What is necessary for the information terminal to adapt itself to the wireless system, which uses different wireless networks or multi-bands, is to have a radio device that can process signals of wider frequency bands ranging from UHF band to microwave-band. However, an appropriate signal process, such as amplification, selection, and frequency conversion of a high frequency signal of radio frequency, needs a well matching between the elements of a circuit, otherwise the radio device cannot fully exert its performance. To overcome this problem, a conventional technique has generally prepared a plurality of signal processing systems which optimize circuit constants appropriate to the radio frequency bands to be used, and switches over a signal processing system to a proper one when a radio frequency to be used is heavily changed. For instance, Unexamined Japanese Patent Publication No. 2001-186042 discloses a radio device employing GSM method, and this radio device aims to use three radio frequency bands, namely, 900 MHz band, 1.8 GHz band, and 450 MHz band. This conventional radio device has processing systems in parallel for selecting and amplifying the signals of the foregoing three frequency bands.

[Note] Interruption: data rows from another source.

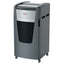 Rexel Momentum Extra XP426+ Cross Cut P4 Paper Shredder, Dar Tanzania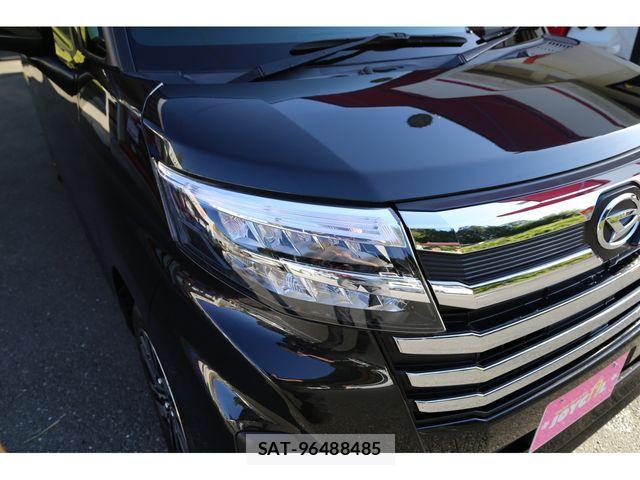 Daihatsu THOR 2023-02 7226160-8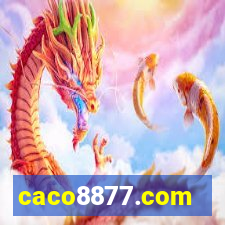 caco8877.com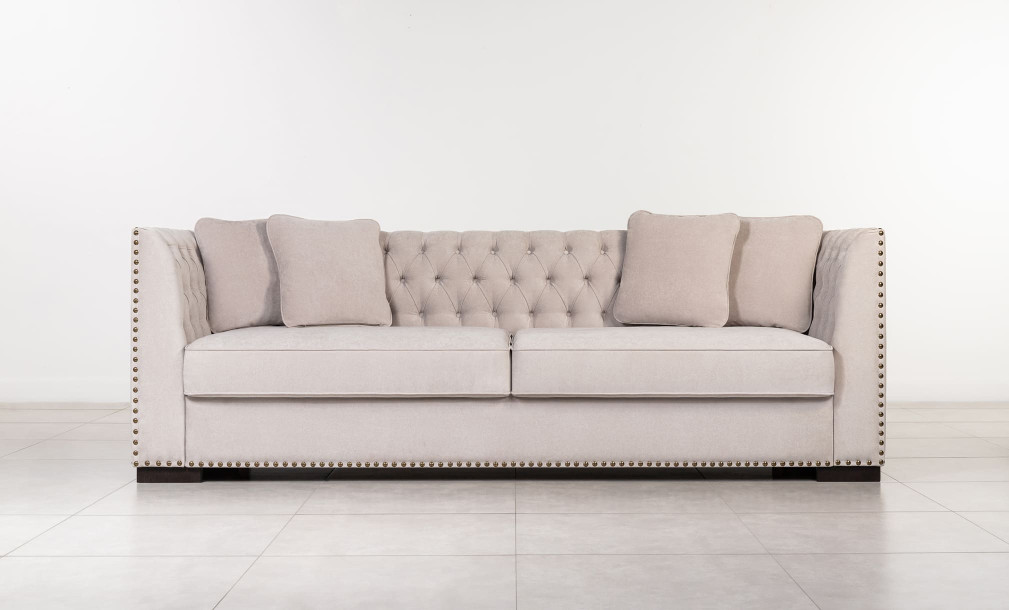 Marseille Sofa Bed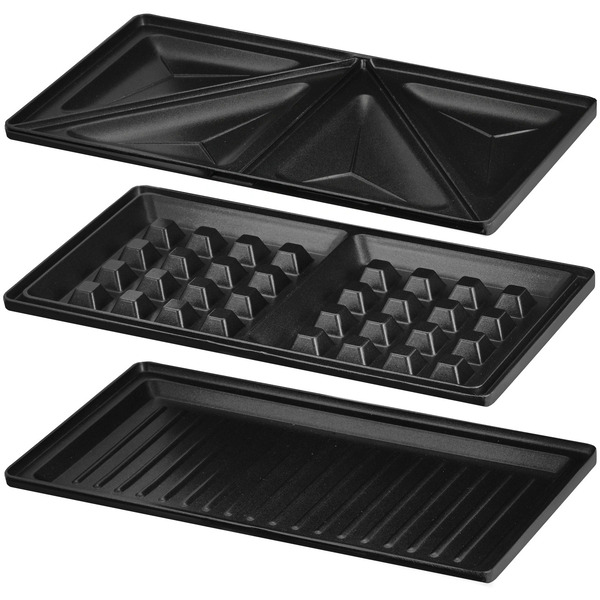 Вафельница Vitek VT-2626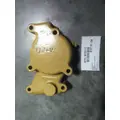 CAT 3406B-ATAAC THERMOSTAT HOUSING thumbnail 2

Another radio device is disclosed in Unexamined Japanese Patent Publication No. 2002-208871, and this one proposes to process radio frequency signals of plural frequency-bands with only one processing system. FIG. 9 shows a structure similar to this radio device. In FIG. 9, matching between antenna 1 and transmit/receive circuit 2 is done by fixed inductor 4 and variable capacitor 3. Choke-coil 5, capacitance 6 and voltage generating circuit 7 form a bias circuit which varies the capacitances of variable capacitor 3 without affecting radio frequency signals. This conventional radio device aims to use both of 800 MHz band and 1.5 GHz band, and the matching in the foregoing two bands is done through varying the capacitance of variable capacitor 3.

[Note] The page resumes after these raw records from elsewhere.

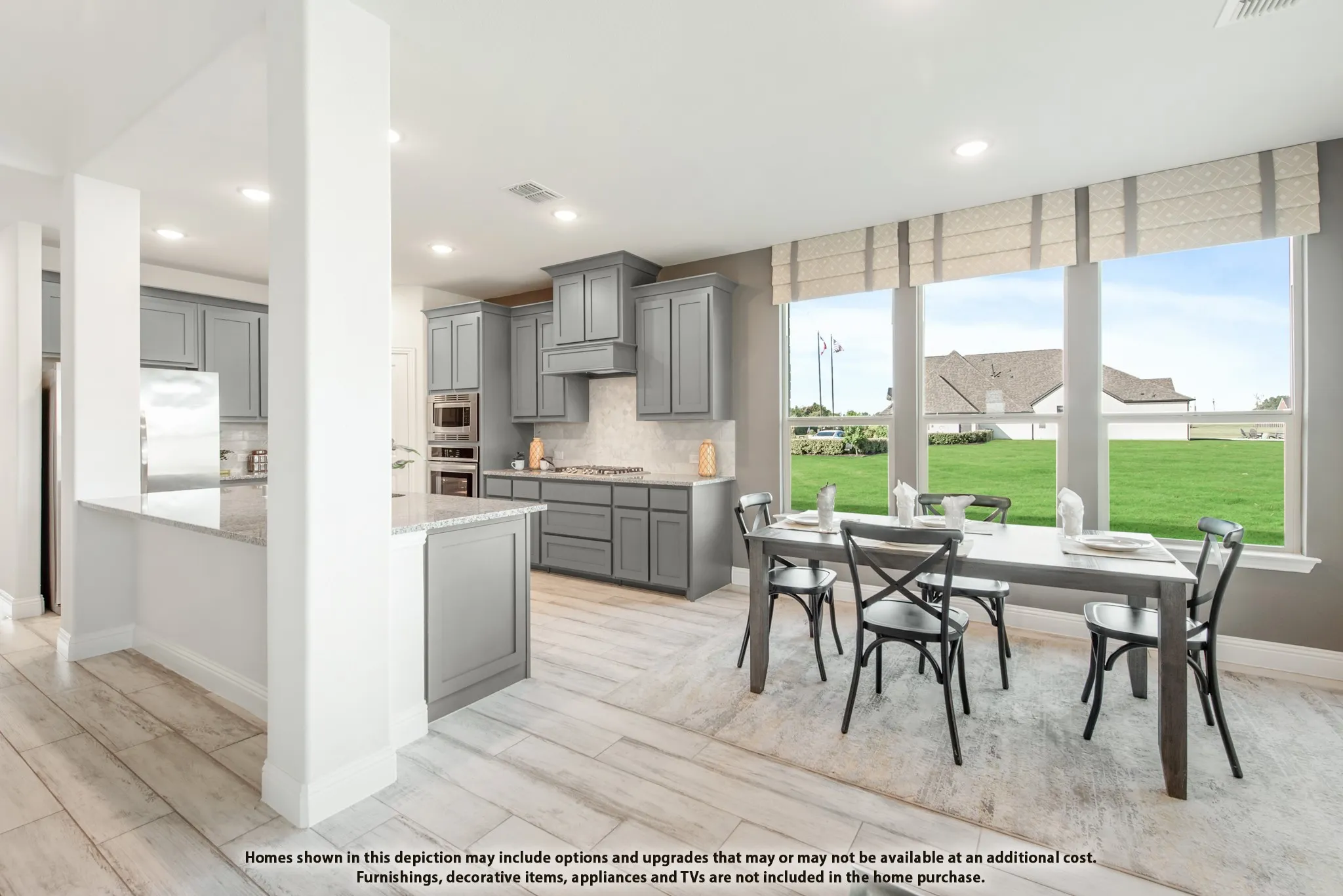 Single Family Residence For Sale in Rockwall County , 2312 Flora Drive, Mclendon Chisholm, Texas 75032, 5 Bedroom, 4 Bathroom, 2 Garage spaces, 3,435 Sqft, built in 2026, mls#21361972, Real Estate Agent in Mclendon Chisholm, Homes For Sale in Rockwall county, Homes For Sale in Mclendon Chisholm, Realtor in Mclendon Chisholm Texas, Real Estate Brokerage Independent Realty Texas, Luminita Cordes Realtor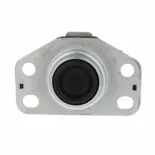 CORTECO 21652798 Soporte, motor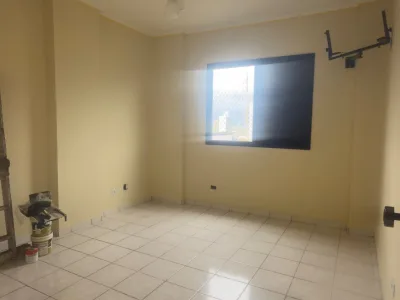 🔥 OPORTUNIDADE ÚNICA | 1 DORM MOBILIADO | 1 VAGA | LAZER COMPLETO 🔥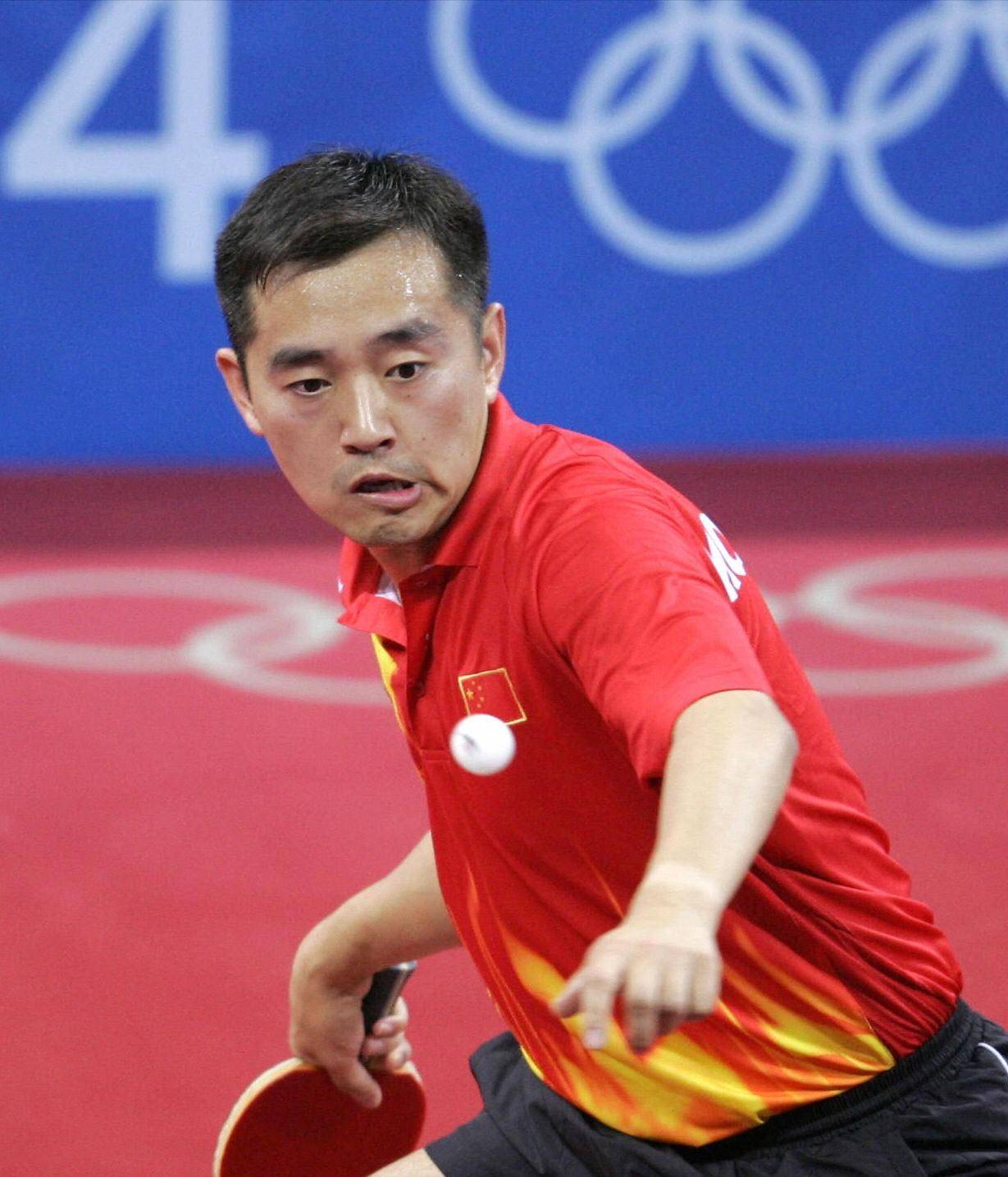 九游体育中国官网-包含爱沙尼亚运动员斩获乒乓球比赛头名的词条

In the case of building a radio device applicable to different wireless network systems or wireless systems of multi-bands, the radio device disclosed in Unexamined Japanese Patent Publication No. 2001-186042 needs a plurality of signal processing systems in response to frequency bandwidths. The number of signal processing systems to be mounted in parallel thus increases at a greater number of radio frequency bandwidths to be used. The radio section thus requires a wider space for mounting in the radio device, and a chip area for integrating the functions into a semiconductor increases, which results in an expensive cost.
The radio device disclosed Unexamined Japanese Patent Publication No. 2002-208871 has a variable reactance element formed of only a varactor diode, so that the impedance has a limit to its variable range. It is thus difficult for the radio device to adapt itself to a wide range of frequency bandwidths.